TASK DATA
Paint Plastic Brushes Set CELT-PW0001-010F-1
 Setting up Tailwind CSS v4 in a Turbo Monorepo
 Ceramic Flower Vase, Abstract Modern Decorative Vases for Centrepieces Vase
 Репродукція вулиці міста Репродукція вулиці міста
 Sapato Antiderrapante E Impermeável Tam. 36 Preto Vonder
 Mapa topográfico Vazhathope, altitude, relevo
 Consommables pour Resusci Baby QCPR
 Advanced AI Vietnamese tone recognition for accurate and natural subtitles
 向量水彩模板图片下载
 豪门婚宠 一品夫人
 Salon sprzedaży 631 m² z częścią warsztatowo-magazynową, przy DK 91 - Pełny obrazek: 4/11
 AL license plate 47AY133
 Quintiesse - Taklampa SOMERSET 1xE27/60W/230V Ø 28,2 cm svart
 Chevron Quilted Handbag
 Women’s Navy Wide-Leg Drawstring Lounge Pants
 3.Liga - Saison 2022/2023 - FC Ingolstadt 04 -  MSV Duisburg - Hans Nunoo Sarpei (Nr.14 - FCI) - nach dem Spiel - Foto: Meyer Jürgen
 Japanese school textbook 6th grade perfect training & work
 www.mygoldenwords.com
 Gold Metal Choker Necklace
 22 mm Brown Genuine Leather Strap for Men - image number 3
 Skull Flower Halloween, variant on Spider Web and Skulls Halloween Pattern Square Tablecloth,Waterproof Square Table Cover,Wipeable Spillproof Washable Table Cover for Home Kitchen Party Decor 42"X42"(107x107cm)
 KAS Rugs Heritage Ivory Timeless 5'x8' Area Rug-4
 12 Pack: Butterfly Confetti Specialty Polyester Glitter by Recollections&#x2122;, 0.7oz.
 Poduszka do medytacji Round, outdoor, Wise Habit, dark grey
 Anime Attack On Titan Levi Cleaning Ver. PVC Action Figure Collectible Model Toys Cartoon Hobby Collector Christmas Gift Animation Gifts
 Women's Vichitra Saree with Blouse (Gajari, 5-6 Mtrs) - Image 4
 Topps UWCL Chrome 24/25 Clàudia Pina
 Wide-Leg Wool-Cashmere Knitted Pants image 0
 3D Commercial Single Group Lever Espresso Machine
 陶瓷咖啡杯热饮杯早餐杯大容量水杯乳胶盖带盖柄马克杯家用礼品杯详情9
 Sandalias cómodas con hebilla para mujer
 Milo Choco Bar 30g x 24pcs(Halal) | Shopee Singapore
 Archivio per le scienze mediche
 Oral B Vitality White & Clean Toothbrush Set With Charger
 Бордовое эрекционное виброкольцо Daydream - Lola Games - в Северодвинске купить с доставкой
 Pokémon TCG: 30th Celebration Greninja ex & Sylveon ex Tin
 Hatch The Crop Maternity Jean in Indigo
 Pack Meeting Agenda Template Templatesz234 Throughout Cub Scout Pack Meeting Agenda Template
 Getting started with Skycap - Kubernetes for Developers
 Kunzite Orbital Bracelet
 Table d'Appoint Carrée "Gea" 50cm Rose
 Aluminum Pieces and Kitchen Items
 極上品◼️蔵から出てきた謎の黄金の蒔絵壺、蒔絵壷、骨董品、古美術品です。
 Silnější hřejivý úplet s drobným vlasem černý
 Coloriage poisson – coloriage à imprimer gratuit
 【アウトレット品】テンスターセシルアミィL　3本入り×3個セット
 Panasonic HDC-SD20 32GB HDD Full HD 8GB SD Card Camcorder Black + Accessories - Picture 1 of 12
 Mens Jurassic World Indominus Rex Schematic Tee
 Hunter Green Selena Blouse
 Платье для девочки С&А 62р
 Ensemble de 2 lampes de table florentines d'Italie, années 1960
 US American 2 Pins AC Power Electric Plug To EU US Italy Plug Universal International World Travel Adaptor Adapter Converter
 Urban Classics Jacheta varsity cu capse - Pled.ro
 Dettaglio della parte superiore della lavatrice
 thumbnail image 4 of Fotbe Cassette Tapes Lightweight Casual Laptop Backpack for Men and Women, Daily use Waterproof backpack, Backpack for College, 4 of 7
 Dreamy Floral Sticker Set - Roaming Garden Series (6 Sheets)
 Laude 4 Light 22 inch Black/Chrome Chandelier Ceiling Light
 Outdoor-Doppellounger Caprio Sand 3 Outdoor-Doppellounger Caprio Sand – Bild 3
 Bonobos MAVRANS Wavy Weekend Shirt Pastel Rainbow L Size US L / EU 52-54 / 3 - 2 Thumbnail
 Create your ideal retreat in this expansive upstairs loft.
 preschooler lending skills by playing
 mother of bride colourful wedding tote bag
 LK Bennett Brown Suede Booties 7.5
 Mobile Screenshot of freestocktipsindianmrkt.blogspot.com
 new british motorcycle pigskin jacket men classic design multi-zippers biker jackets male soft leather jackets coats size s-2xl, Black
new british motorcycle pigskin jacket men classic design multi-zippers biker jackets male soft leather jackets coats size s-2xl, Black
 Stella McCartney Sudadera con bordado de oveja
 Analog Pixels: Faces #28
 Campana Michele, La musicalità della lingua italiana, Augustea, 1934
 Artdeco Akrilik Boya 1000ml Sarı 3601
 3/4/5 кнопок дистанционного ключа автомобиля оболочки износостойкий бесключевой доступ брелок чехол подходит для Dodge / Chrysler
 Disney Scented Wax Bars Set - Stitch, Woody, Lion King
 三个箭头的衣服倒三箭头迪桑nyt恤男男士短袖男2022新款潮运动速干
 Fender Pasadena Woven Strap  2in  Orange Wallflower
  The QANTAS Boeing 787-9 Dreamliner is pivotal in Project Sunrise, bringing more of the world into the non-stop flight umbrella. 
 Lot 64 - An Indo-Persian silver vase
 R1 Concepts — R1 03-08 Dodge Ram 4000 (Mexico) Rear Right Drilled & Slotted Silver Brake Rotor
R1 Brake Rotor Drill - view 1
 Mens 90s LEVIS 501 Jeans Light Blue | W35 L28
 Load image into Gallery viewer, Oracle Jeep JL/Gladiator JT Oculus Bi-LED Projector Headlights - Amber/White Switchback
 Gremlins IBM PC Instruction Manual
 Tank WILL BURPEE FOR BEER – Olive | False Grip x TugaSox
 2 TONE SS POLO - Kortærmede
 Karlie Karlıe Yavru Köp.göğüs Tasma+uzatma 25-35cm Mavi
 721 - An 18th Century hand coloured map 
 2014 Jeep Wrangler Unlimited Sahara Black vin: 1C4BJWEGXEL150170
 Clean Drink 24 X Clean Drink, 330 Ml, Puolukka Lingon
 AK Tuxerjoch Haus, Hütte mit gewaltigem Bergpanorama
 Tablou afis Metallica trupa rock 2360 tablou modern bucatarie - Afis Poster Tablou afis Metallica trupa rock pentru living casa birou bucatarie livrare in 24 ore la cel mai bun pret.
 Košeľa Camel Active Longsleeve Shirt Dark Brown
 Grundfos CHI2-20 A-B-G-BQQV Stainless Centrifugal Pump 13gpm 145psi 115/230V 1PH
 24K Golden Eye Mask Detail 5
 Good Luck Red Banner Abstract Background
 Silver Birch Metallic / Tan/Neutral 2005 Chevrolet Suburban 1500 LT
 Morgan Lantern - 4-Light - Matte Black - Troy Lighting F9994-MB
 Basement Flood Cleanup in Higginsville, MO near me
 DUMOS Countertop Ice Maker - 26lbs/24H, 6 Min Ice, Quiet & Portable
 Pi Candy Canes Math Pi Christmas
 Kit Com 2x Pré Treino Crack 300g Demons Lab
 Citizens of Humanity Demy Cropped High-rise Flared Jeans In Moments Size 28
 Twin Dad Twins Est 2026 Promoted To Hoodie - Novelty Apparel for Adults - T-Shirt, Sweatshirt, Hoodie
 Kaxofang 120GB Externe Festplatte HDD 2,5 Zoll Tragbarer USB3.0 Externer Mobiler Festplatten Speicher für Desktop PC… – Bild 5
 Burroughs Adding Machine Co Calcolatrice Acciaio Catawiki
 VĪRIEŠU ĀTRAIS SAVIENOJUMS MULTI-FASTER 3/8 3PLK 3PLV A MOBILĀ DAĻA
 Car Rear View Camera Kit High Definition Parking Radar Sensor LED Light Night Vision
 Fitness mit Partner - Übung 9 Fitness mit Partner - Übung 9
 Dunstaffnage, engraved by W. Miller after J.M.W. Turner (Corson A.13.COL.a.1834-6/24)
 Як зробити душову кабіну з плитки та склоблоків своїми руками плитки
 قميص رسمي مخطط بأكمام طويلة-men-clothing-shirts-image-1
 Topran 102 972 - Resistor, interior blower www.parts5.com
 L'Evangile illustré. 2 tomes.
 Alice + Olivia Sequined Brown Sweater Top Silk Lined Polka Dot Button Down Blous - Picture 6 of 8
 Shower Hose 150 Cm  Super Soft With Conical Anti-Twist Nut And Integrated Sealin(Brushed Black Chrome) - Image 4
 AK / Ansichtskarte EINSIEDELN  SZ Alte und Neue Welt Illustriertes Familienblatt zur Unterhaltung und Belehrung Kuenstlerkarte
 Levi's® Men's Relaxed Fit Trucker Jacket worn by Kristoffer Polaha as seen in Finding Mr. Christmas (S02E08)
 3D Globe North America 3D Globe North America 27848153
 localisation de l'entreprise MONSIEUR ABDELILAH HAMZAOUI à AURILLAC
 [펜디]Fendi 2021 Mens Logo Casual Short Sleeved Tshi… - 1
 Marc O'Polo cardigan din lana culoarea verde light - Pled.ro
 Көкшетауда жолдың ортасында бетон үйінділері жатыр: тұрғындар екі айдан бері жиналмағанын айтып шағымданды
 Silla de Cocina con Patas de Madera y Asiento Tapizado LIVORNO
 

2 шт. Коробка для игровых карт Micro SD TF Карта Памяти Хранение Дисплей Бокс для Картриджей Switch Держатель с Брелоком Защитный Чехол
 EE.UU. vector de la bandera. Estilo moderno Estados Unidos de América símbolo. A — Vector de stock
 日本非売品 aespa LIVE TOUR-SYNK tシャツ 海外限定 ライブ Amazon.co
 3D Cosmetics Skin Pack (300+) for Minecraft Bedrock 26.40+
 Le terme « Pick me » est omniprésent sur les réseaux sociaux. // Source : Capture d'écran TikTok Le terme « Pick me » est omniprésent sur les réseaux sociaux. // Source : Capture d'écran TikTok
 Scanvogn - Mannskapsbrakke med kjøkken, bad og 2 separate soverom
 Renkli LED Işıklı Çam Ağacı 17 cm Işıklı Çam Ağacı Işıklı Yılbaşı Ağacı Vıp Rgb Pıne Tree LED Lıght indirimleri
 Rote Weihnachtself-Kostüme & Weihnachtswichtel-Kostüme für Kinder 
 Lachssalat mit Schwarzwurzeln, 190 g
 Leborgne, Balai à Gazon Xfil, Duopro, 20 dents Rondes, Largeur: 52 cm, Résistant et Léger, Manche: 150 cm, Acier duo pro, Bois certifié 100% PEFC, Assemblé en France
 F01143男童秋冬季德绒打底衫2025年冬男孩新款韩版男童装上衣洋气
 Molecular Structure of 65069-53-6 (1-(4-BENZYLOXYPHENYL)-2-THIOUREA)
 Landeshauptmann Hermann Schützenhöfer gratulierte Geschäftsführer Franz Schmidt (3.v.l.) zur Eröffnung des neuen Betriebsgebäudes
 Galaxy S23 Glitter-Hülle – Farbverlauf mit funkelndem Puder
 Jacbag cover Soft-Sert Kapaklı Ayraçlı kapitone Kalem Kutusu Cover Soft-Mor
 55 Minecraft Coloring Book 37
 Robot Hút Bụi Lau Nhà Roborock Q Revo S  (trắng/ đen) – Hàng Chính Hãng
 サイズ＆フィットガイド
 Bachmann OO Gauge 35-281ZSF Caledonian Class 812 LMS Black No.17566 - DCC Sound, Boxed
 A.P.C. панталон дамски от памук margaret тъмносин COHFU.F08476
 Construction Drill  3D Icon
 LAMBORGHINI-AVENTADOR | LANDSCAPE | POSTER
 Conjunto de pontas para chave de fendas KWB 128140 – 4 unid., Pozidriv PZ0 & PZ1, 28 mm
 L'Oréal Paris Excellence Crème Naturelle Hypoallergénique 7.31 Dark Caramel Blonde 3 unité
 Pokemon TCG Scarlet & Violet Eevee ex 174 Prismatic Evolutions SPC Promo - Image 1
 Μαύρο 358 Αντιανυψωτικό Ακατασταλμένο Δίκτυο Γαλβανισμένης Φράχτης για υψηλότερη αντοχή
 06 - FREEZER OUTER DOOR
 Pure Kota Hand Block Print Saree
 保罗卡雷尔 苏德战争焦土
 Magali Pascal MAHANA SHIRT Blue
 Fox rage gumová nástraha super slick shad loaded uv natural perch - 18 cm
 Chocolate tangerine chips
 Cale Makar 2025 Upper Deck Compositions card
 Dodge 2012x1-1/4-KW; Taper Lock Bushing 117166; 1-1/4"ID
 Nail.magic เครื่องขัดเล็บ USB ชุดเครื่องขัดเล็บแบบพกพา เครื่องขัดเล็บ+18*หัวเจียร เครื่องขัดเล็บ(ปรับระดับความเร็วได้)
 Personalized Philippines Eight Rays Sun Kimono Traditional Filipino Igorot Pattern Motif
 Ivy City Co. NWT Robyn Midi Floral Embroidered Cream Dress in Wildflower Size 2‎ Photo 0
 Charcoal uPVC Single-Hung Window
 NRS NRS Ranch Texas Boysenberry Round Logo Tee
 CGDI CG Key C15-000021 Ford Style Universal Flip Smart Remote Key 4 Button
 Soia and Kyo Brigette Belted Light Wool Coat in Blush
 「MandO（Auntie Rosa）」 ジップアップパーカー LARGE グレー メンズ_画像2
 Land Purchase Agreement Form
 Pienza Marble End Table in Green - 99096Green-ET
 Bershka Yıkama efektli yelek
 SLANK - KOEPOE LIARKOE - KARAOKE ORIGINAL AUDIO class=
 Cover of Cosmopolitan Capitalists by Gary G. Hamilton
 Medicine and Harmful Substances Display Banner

HOW TO COMPLETE THIS TASK
Reproduce, exactly as they stand in the data above, the lines from the one that holds "Pi Candy Canes Math Pi Christmas" to the one that holds "L'Evangile illustré. 2 tomes.", inclusive.

TASK RESPONSE
 Pi Candy Canes Math Pi Christmas
 Kit Com 2x Pré Treino Crack 300g Demons Lab
 Citizens of Humanity Demy Cropped High-rise Flared Jeans In Moments Size 28
 Twin Dad Twins Est 2026 Promoted To Hoodie - Novelty Apparel for Adults - T-Shirt, Sweatshirt, Hoodie
 Kaxofang 120GB Externe Festplatte HDD 2,5 Zoll Tragbarer USB3.0 Externer Mobiler Festplatten Speicher für Desktop PC… – Bild 5
 Burroughs Adding Machine Co Calcolatrice Acciaio Catawiki
 VĪRIEŠU ĀTRAIS SAVIENOJUMS MULTI-FASTER 3/8 3PLK 3PLV A MOBILĀ DAĻA
 Car Rear View Camera Kit High Definition Parking Radar Sensor LED Light Night Vision
 Fitness mit Partner - Übung 9 Fitness mit Partner - Übung 9
 Dunstaffnage, engraved by W. Miller after J.M.W. Turner (Corson A.13.COL.a.1834-6/24)
 Як зробити душову кабіну з плитки та склоблоків своїми руками плитки
 قميص رسمي مخطط بأكمام طويلة-men-clothing-shirts-image-1
 Topran 102 972 - Resistor, interior blower www.parts5.com
 L'Evangile illustré. 2 tomes.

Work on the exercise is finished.